DIARY OF SRDJAN VALJAREVIC, A YOUNG BELGRADE WRITER

Monday, March 29
I took the phone and went up to the roof to watch the bombing or, better said, to watch something I did not understand. The hills were buring at a distance. I have never had the opportunity to write sentences like this. How I have the opportunity to see missiles falling from the sky, followed by explosions, flame and red skies. I don't know what kind of missiles they are and I can't identify any of the airplanes. I have never been interested in weapons. Never wrote a sentence about them, actually. But now I watch and I see, and I can write, even though I still don't feel any kind of meaning in the description of it all. I took the phone because everything seemed meaningless except the need to remain in contact with people. It rang, up there on the roof. First I talked to Sale, a friend who at that moment was on the very opposite side of the city. I described to him exactly what I was seeing from the roof. A little later, a friend called from New York. She was worried; she asked whether I had enough water and food; she asked about my parents and Anja and Vuk, my niece and nephew. And she asked me why I was on the roof. She also worried about the fact that perhaps I was not fully aware of the entire situation. I'm probably not.

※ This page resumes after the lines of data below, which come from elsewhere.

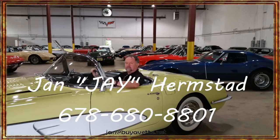Call me first — Jan Hermstad, call me Jay. We are in Hotlanta. 678-680-8801. The car is already in Hotlanta.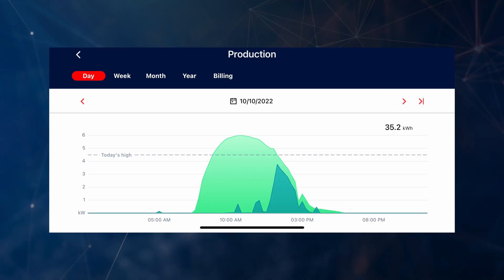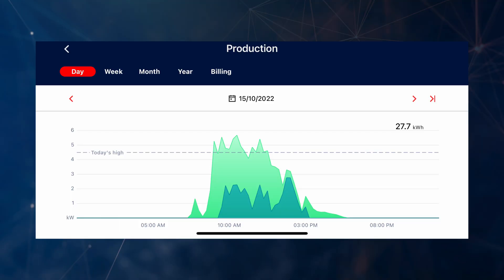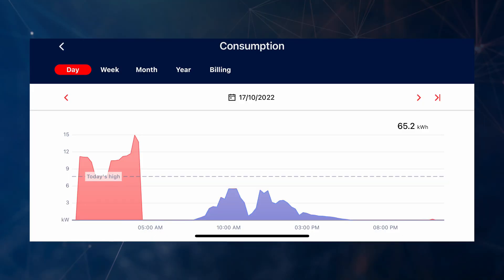In terms of the month's daily highlights: our best generation day was on the 10th of October where we generated 35.2 kilowatt hours. Our highest export day was the 15th of October where we exported 8.98 kilowatt hours back into the grid. The largest import day — when we had to fully charge the Powerwall, charge electric vehicles, and heat hot water — was the 17th of October, where we imported 42.14 kilowatt hours from the grid.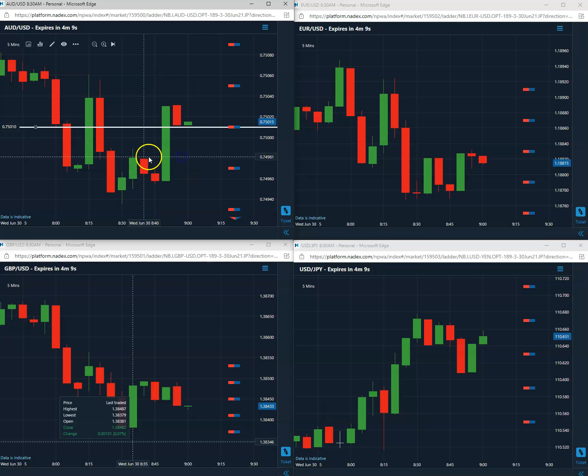Along the 7501, once again with this particular setup we are going to stay till expiration, which will be a little bit more than four minutes. We'll pause the video, come back in a few minutes, and check on this trade — long the 7501 on the Aussie U.S. five-minute Nadex binary. We want to close above the 7501 within the next little bit less than four minutes.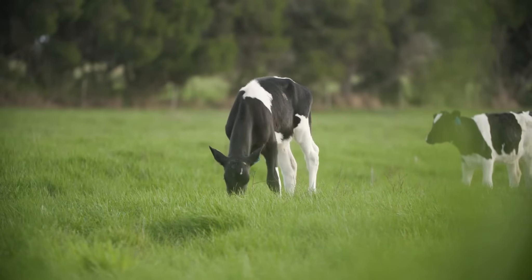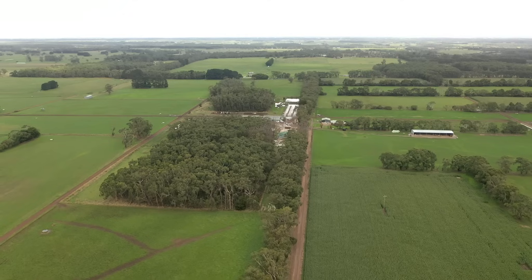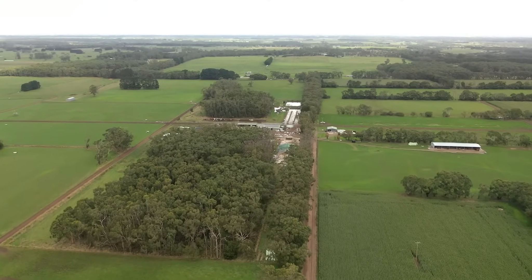Majority Holstein with about 5% Jerseys in the herd. We're a fully closed herd these days. We breed our own Jersey bulls as mop-up bulls for the heifers and we're 100% AI in the dairy herd.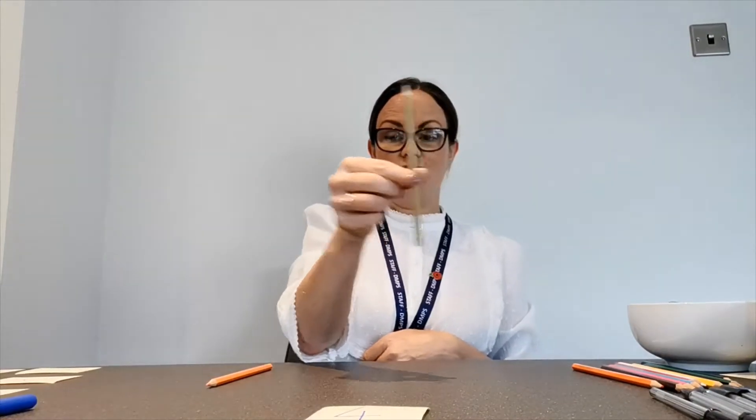Let's start by counting out some objects so that we can have a lot of practice. Let's see if we can count out four pencils. Are you ready? We're going to be counting out four pencils. Can you count with me? One, two, three, four. Let's count them back again. One, two, three, four.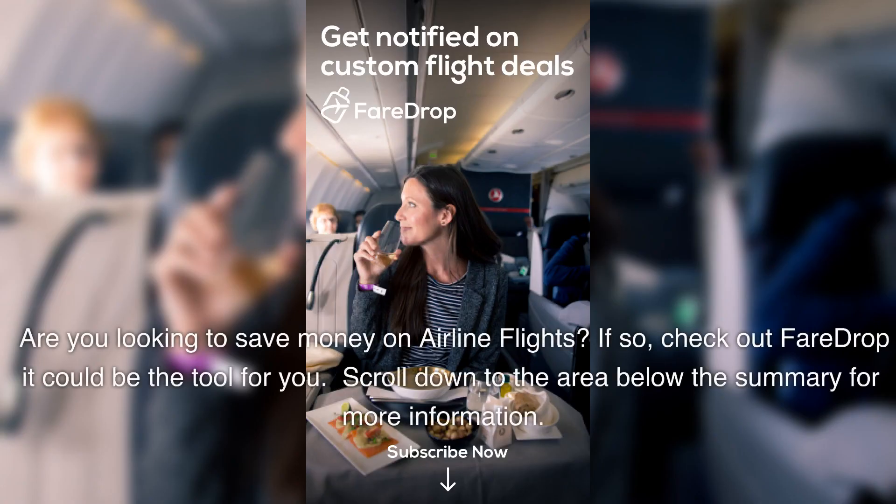Are you looking to save money on airline flights? Check out FareDrop — it could be the tool for you. Scroll down to the area below the summary for more information.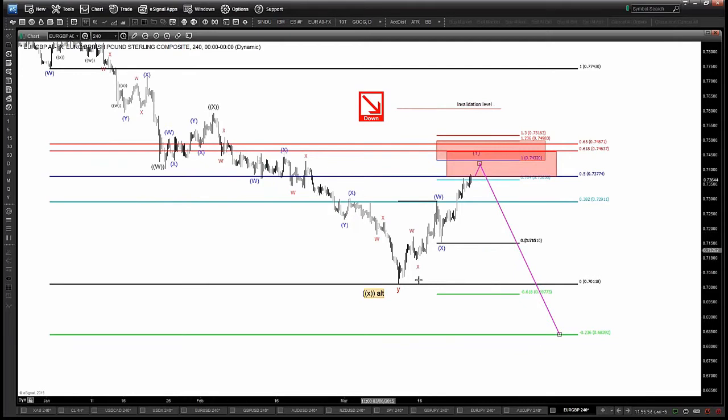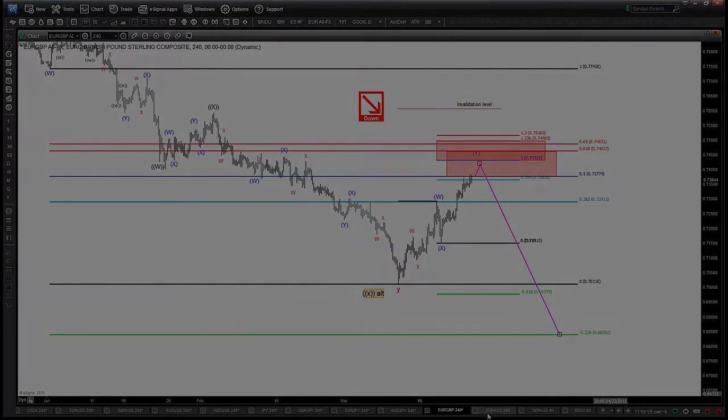It's going to be something like this — it's going to take a while. It's not going to happen overnight. But we are filled on our short and we are looking lower now on the EURGBP.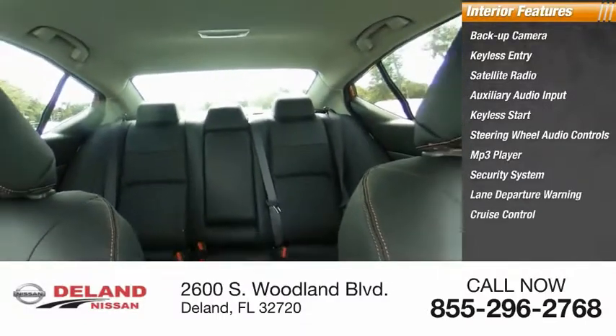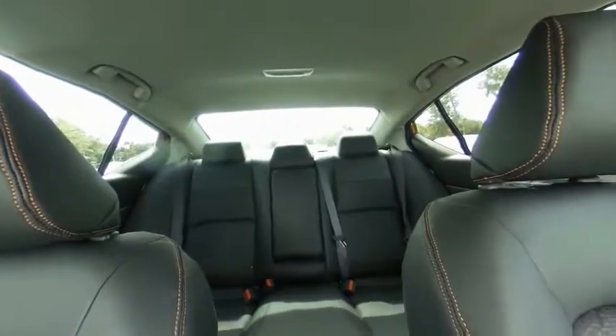Searching for a dependable vehicle that looks great too? You found it, so stop in today.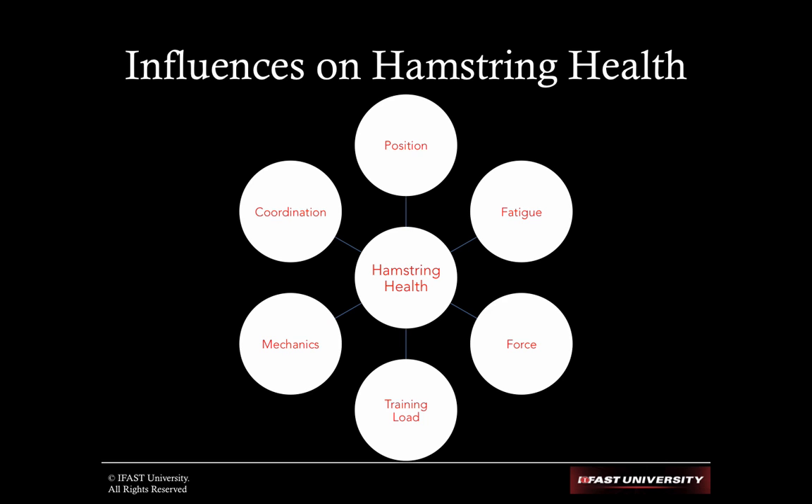We also have mechanics — how they run, how they lift. This athlete in particular has a tendency to over-stride, not only with his lower leg getting out in front of his center of mass, which puts the hamstrings in a bad position, but also when accelerating — his knees would come up excessively, putting a lot of stress on the top of the hamstring.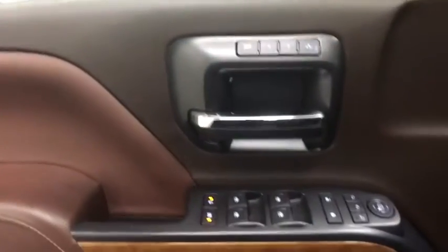This vehicle has less than 25,000 miles. Here are some of this vehicle's great options.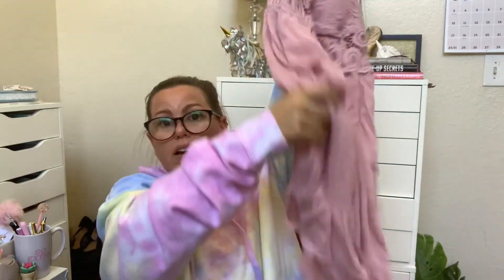Dusty rose pink — thank god I have a steamer because it is so wrinkly, but isn't that cute? I feel like I could wear cute sandals or flip-flops and dress it down, and it was really comfortable when I tried it on. And then black — same thing.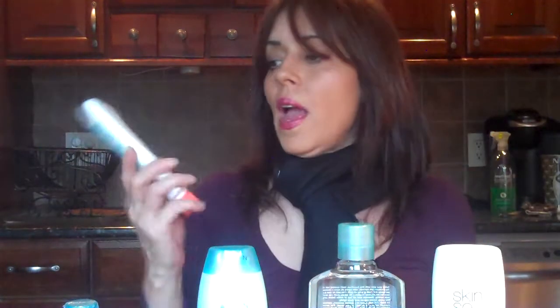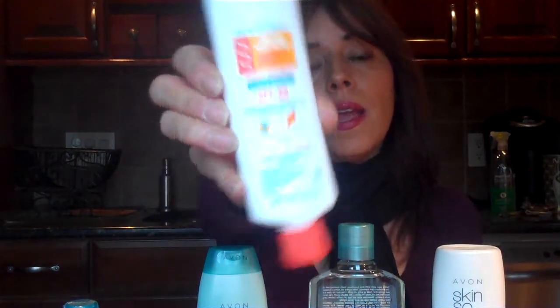So those are the basic reasons that you should consider purchasing Skin So Soft Bug Guard. But let me go through some of the line with you so you can be familiar with it. We have, first of all, the lotion. The lotion is great for people who prefer to use lotion, because it also has an SPF of 30 in it.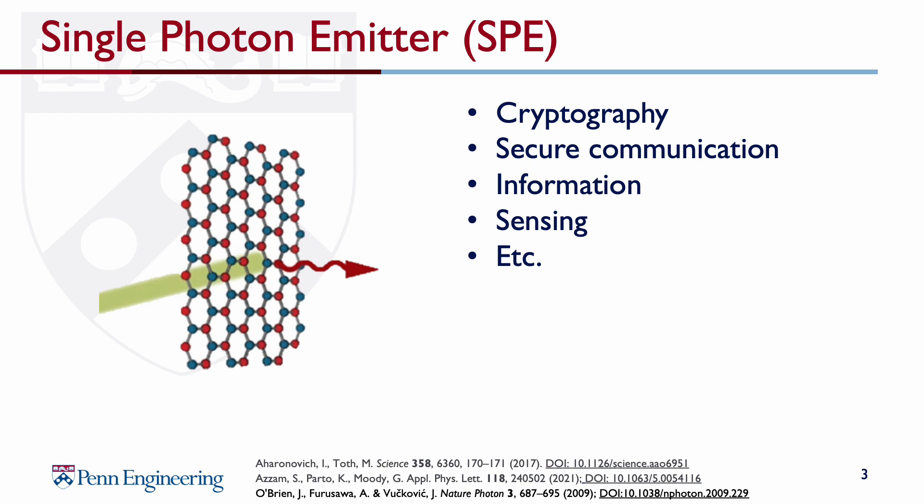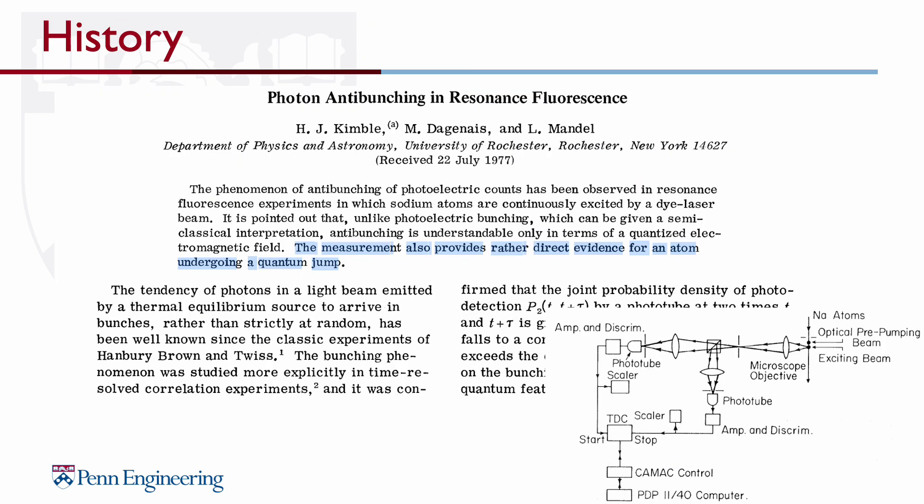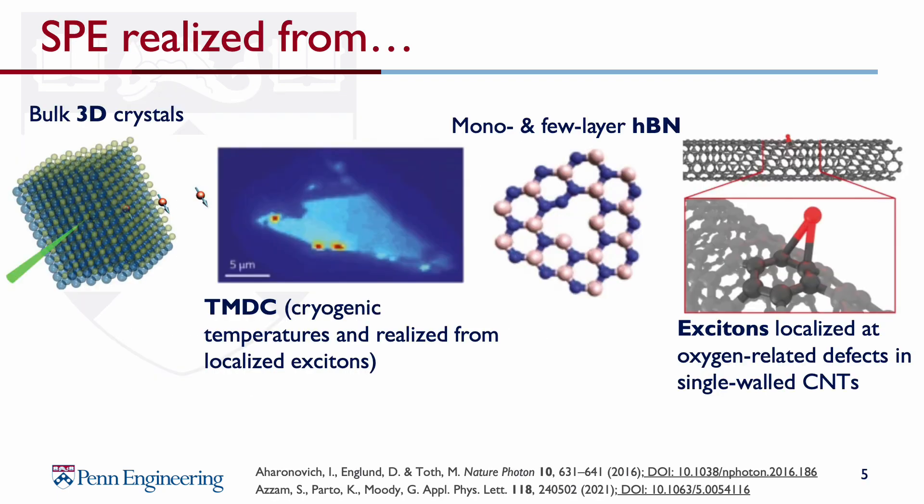SPEs play a central role in a range of quantum technologies already, including cryptography, secure communication, information, and sensing. The first demonstration of an SPE dates back to 1977. The study found a sodium atom unable to radiate immediately after having emitted a photon and made a quantum jump to a lower state — it produced one and only one photon at a time. Solid-state single photon emission has been achieved on multiple platforms, such as these shown here: 3D crystals, TMDCs, which I'll be talking about later, HBN, which I'll also be talking about later, and excitons.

The phone rang again, and it was IRENE. She was calling from Buenos Aires and she made me very happy, even in this situation, because she is a wonderful lady, an Argentinian, who also worried and who just wanted to tell me that she would call me and to take care. She told me when it was all over I could go to Argentina. Because of some books I have read, I have always wanted to see Buenos Aires and Patagonia. Despite the bombs, I felt a little better, because good people are always to be found. Then my friend called from Zvezdara and shouted into the receiver, "Hey, Bill! Tomahawk calling!"